Apart from the pictures, every entry should be reproduced exactly.

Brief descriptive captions
Start of Block
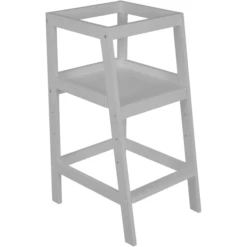 Polini Kids Lernturm Sky Grau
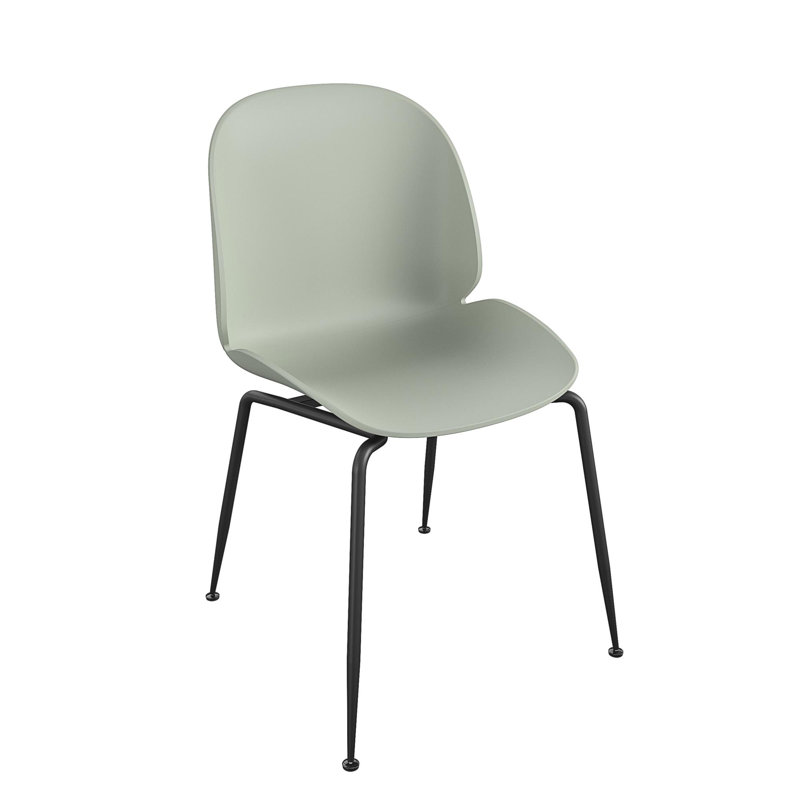 Side Chair, Light Sage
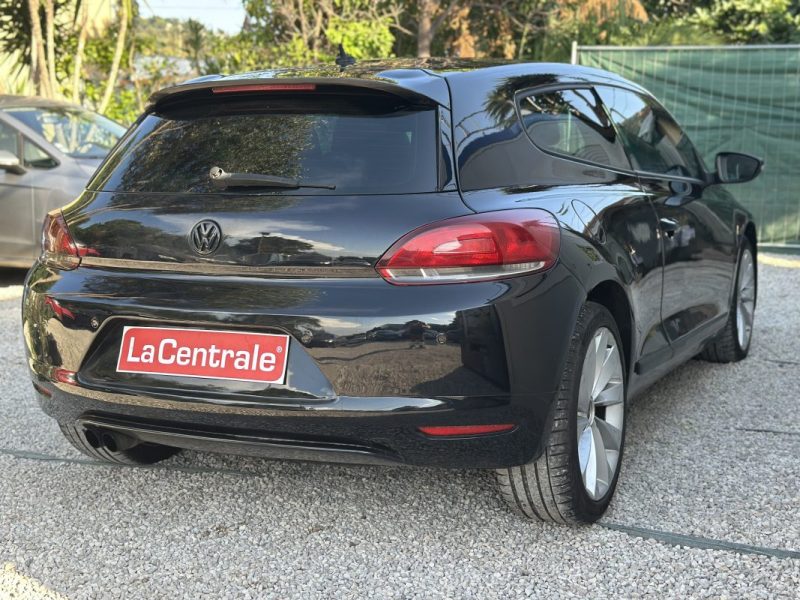 VOLKSWAGEN SCIROCCO 2.0 TDI 140 SPORTLINE  2009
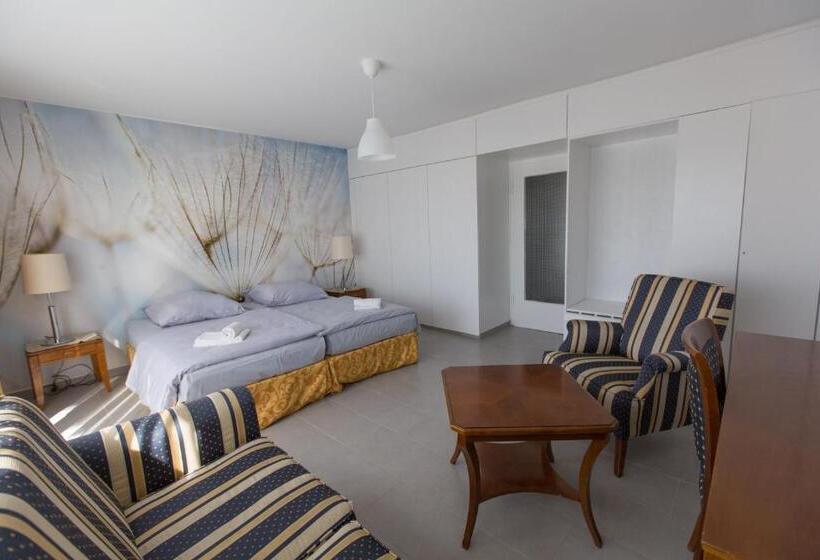 스탠다드 트리플 룸, City Hotel Wuppertal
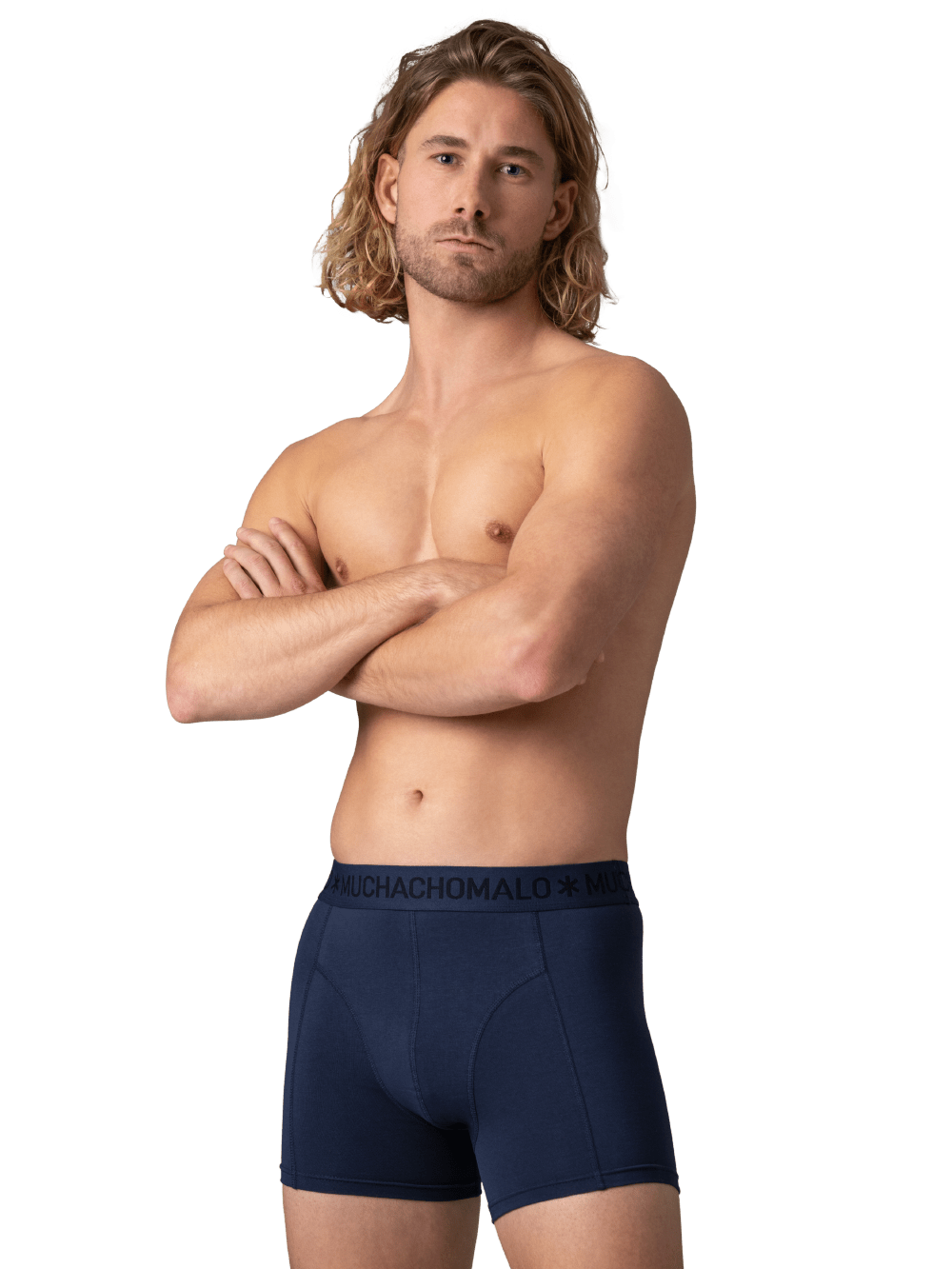 Heren 3-pack Boxershorts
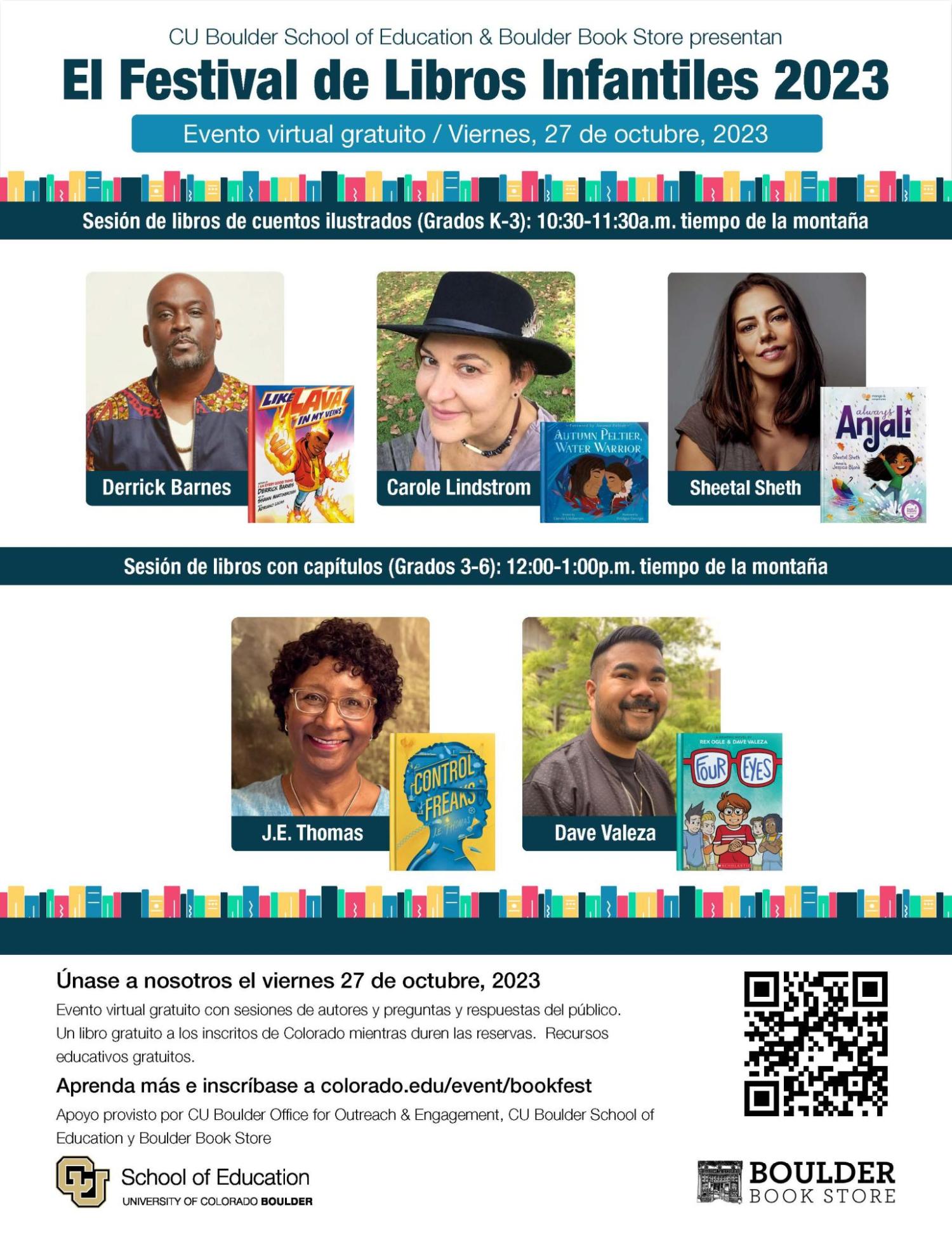 2023 CBF Poster Friday - Espanol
End of Block
ANSWER
 Polini Kids Lernturm Sky Grau
 Side Chair, Light Sage
 VOLKSWAGEN SCIROCCO 2.0 TDI 140 SPORTLINE  2009
 스탠다드 트리플 룸, City Hotel Wuppertal
 Heren 3-pack Boxershorts
 2023 CBF Poster Friday - Espanol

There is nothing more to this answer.